▸ **Input data**
····················

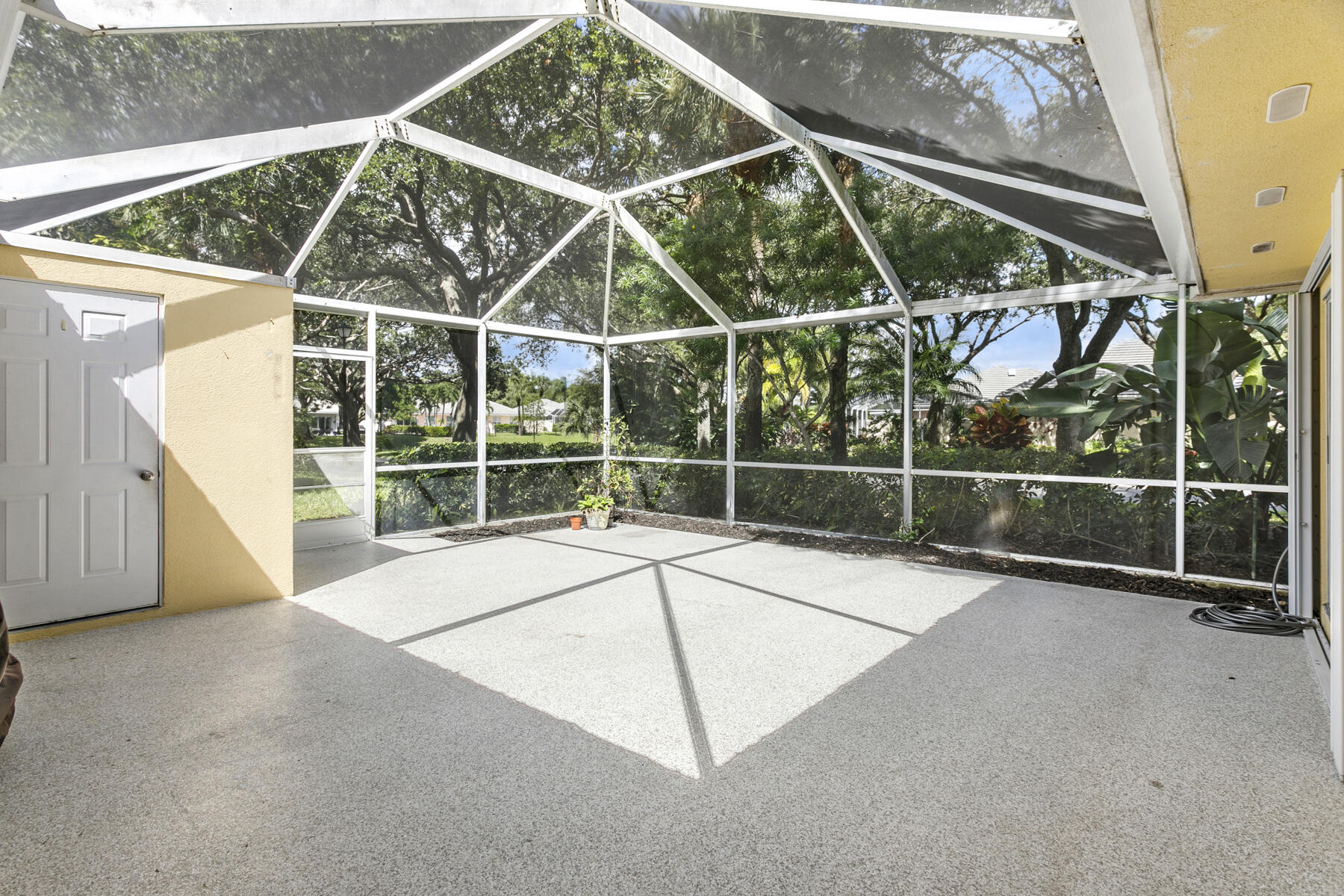 2901 Lakemont Court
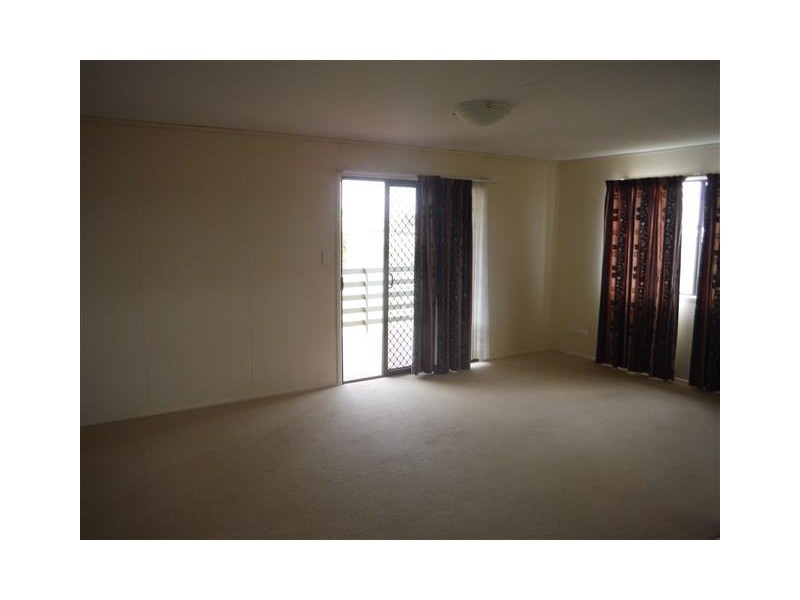 131 Quintin Street, Roma QLD 4455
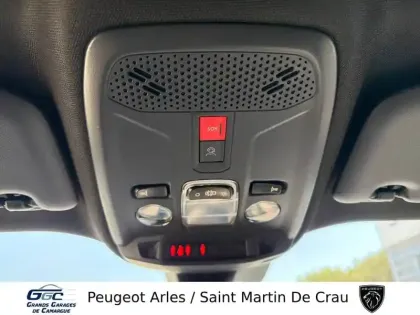 Photo 15 Peugeot 2008  PureTech 100 S&S BVM6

····················

▸ **Description of the task**
Copy the final stretch of lines, starting at the one that holds "131 Quintin Street, Roma QLD 4455" and ending at the last line of the data, exactly; omit pictures.

▸ **Answer box**
 131 Quintin Street, Roma QLD 4455
 Photo 15 Peugeot 2008  PureTech 100 S&S BVM6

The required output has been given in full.